【五輪の花】バスケ新戦力のロシター・ライアン、左手首に日本愛のタトゥー「いまここ」

ロシター・ライアン
ロシター・ライアン

 44年ぶりに東京五輪出場を決めたバスケットボール男子代表に新戦力が現れた。19年12月に米国出身のロシター・ライアン(30)が日本国籍を取得した。

 206センチ、107キロ。B1初代王者の宇都宮に所属し、18―19シーズンは1試合平均19・8得点でリーグ8位、リバウンド11・3本で同2位、アシスト4・8本で同9位、ブロック0・9本で同8位と4部門でトップ10入り。攻撃力、守備力、スピードを兼ね備え、20年1月のオールスターにはファン投票1位で出場するなど人気も高い。

 帰化への動きが始まったのは2年前。「日本で長く過ごし、ここが自分のホームのように感じた」という。日本愛にあふれ、既に日本語の聞き取りはほぼ理解できる。昨年夏にはニューヨークで左手首に「いまここ」とひらがな4文字のタトゥーを入れた。相田みつを氏の詩から引用したお気に入りの日本語。「(事故で亡くなった元NBAのスター)コービーの件があったように、いつ人生が終わるか分からない。今の瞬間を楽しみたい」と、日本で出会った言葉を胸に刻み、プレーする。

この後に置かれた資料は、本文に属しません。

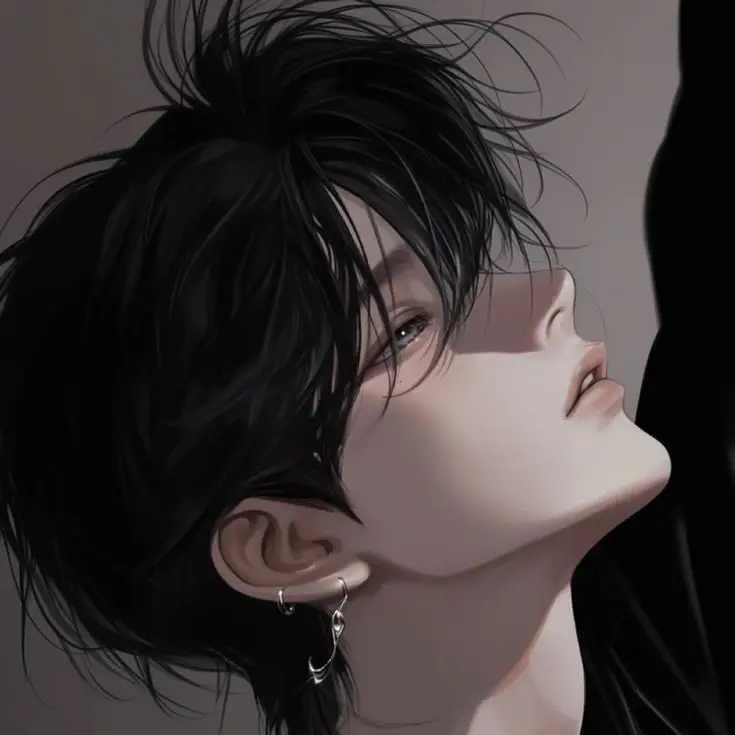 GroggyDrone6238의 한 루이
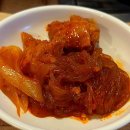 [남포 맛집/멕코이치킨 부평점 :-)/야채찜닭, 치킨 맛집/내돈내산]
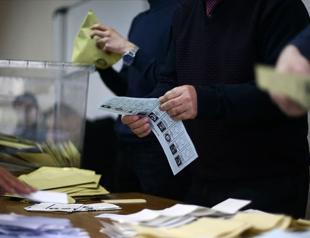 Türkiye to hold by-elections in six newly reinstated towns on June 7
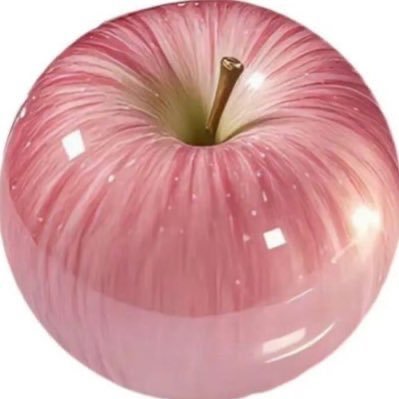 jame18oor's profile picture. BLACK PINK 💗🪽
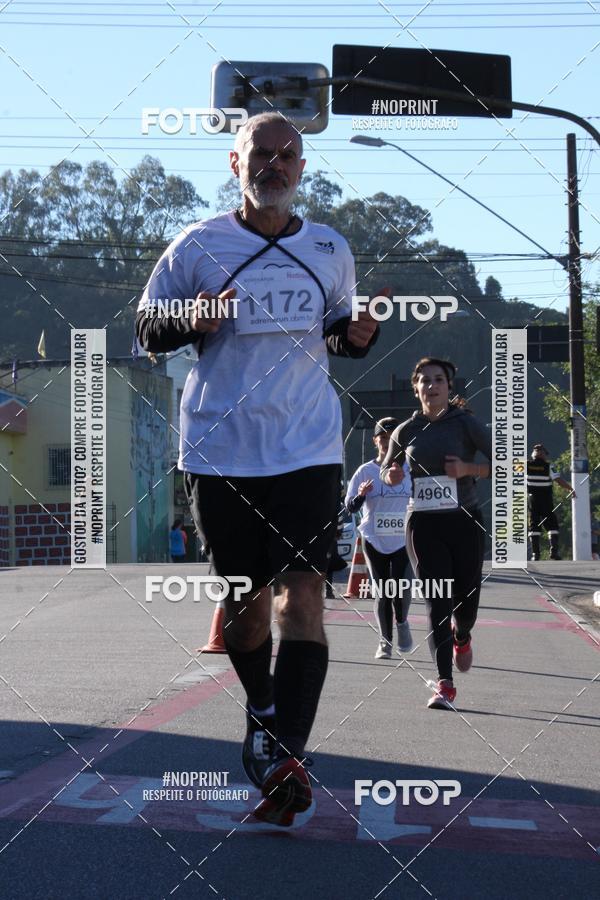 Buy your photos of the eventCircuito Adrenalina de Corridas de rua - Adrena Run - Etapa Ribeir�o Pires on Fotop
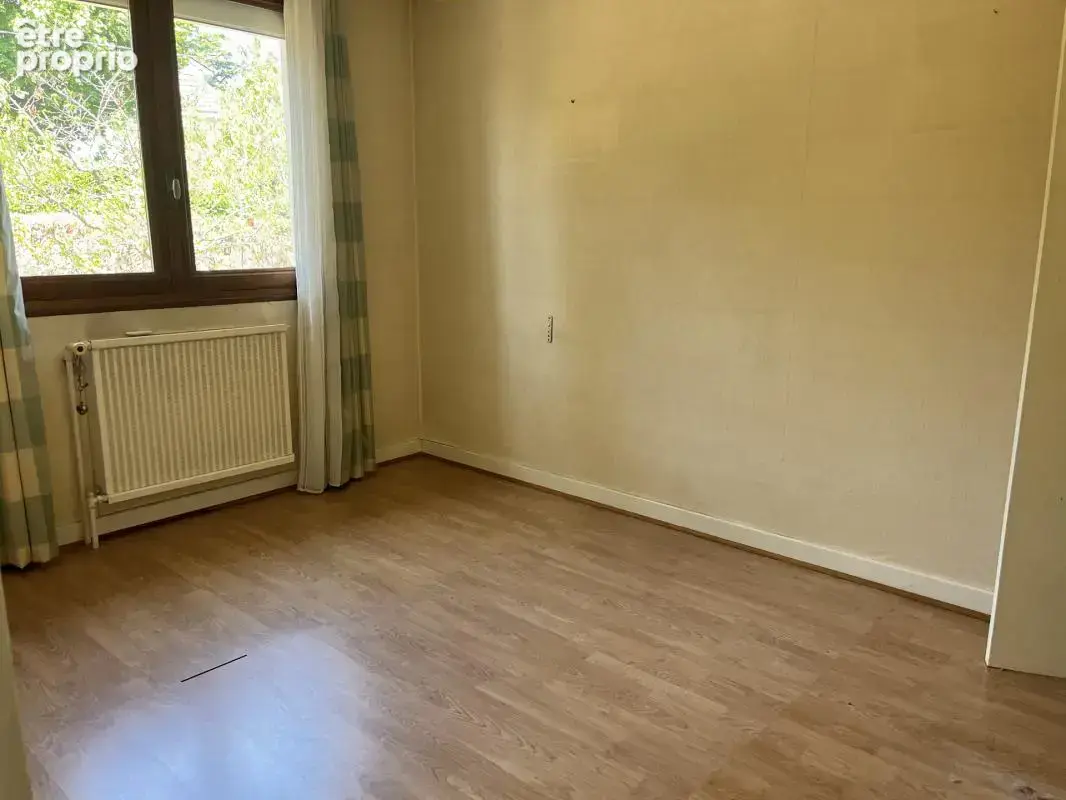 Maison à vendre 5 pièces garage et jardin à SAINT MARCEL LES VALENCE (26), proche de tous commerces et services - photo 12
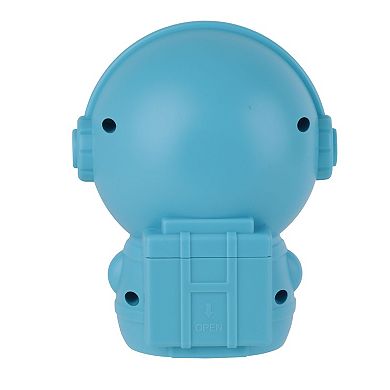 Vivitar Constellation Projector Table Night Light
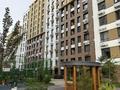 3-бөлмелі пәтер · 90 м² · 11/12 қабат, Толе Би 290/1 — Добрый день. Продажа квартиры от собственника, хороший ремонт и мебель, отличная локация. Надежный застройщик свой дом, рядом все необходимые соц объекты. Очень удобная планировка полноценное трех комнатная квартира. Приезжайте смотрите, рады будем показать, очень светлая,уютная квартира. Можно за наличку или в ипотеку., бағасы: ~ 92 млн ₸ в Алматы, Алмалинский р-н — фото 7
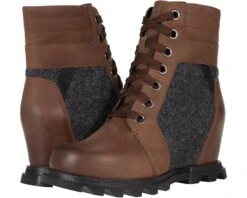 SOREL Joan Of Arctic™ Wedge III Lexie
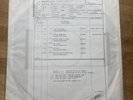 The Beatles - Reel Music LP 1982 UK Promo Sample Parlophone PCS 7218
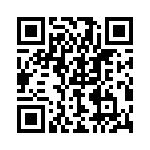 84BB-1542-A QRCode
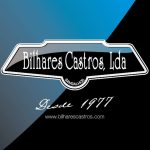 Bilhares Castros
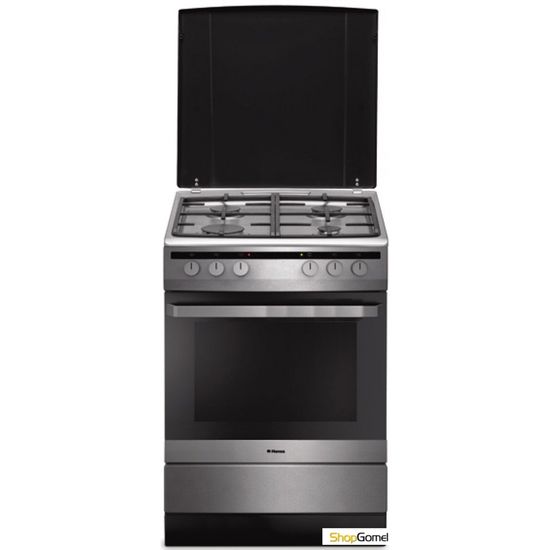 Кухонная плита Hansa FCMX68020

 2月24日のアジア杯予選・台湾戦で初めて日の丸を背負うと、うれしそうに「周りも『似合う』と言ってくれた」。チーム最多タイの17得点、19リバウンドの“ダブルダブル”で白星に貢献。大いにアピールした。バスケットボールは国籍を変えた選手の国際大会の登録は1国1人と決まっている。五輪の延期で本番までは1年3か月。18年4月に日本国籍を取得し、21年ぶりのW杯自力出場に導いたファジーカス・ニック(34)=川崎=ら帰化枠の争いも激化するが、“競争”こそが日本代表の強化につながる。「五輪は子供の頃からファンのように見ていた。その一部分になれると思うと、すごくエキサイティング」と、代表入りを狙っている。

 ◆小林 玲花(こばやし・れいか)サッカー「ドーハの悲劇」と同じ1993年10月28日、福井市生まれ。26歳。小3~高3までバスケットボール部。2016年入社。バスケ、体操、スポーツクライミングなどを担当。